TL;DRPixel-Space and VAE-Based Restoration Fall Short for 3D ReconstructionOverall FrameworkGeometry-Aware Feature AnalysisQuantitative ResultsQualitative ResultsCitation
arXiv 2026

GARD: Geometry-Aware Representation Denoisingfor Robust Multi-view 3D Reconstruction

Jin Hyeon Kim1,*
Jaeeun Lee1,*
Claire Kim1
Kyoungjin Oh1
Paul Hyunbin Cho1
Jaewon Min1
Yeji Choi1
Jihye Park2
Hyunhee Park2
Minkyu Park2
Seungryong Kim1,†
1KAIST AI2Samsung Electronics

* Equal contribution · † Corresponding author

PaperCode
Figure 1 — GARD framework: degraded views and depths (left) are transformed into restored views, depths, and a clean 3D point cloud (right).
GARD restores degraded multi-view inputs jointly in geometry-aware feature space, recovering accurate 3D point clouds and high-quality RGB images simultaneously.
TL;DR

We propose Geometry-Aware Representation Denoising (GARD), a novel framework that performs diffusion-based multi-view restoration directly in the feature space of a feed-forward 3D reconstruction model, enabling simultaneous recovery of 3D scene geometry and high-quality RGB images from degraded multi-view inputs.
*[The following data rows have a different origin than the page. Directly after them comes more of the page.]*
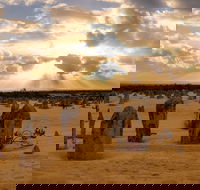 Pinnacle Desert Sunset and Night-time Stargazing Tour from Perth - Accommodation Perth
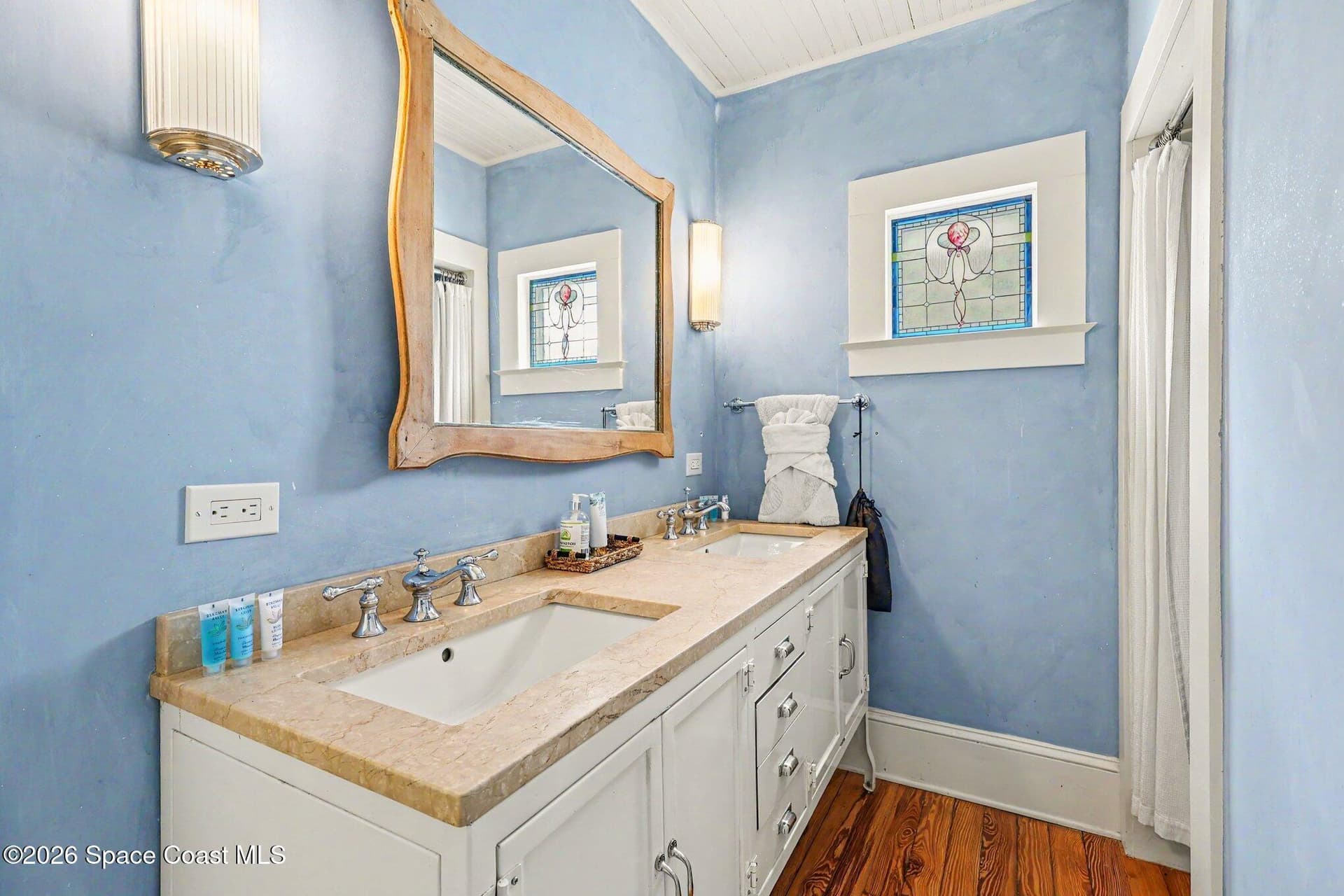 7 Mitchell Street photo 15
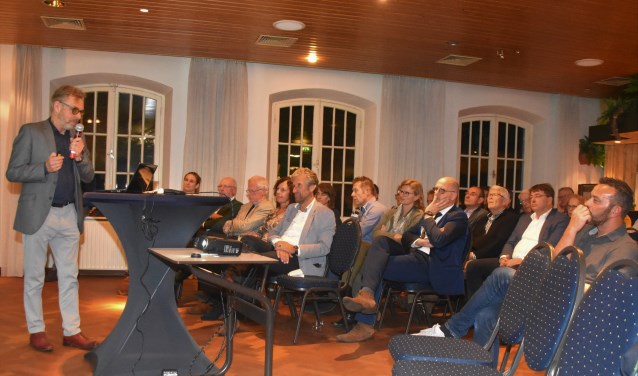 Aandachtig (ondernemers)publiek bij uiteenzetting over de mogelijkheden in de toerismesector.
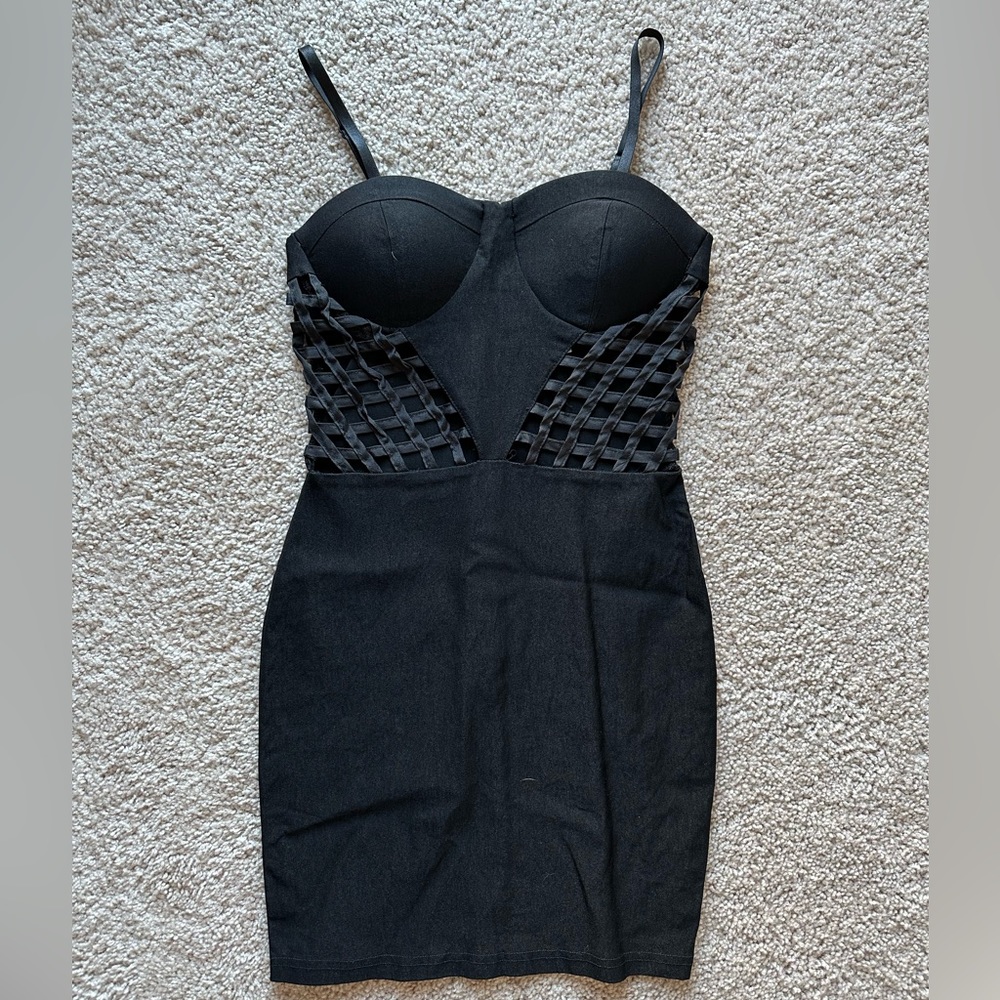 Women’s little black dress dress size small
Our method outperforms existing pixel-space and VAE-based latent-space restoration approaches, demonstrating the effectiveness of geometry-aware feature denoising for robust multi-view 3D reconstruction.

MOTIVATION

Pixel-Space and VAE-Based Restoration Fall Short for 3D Reconstruction

Feed-forward 3D reconstruction models perform well under clean conditions, but fail under real-world degradations such as motion blur.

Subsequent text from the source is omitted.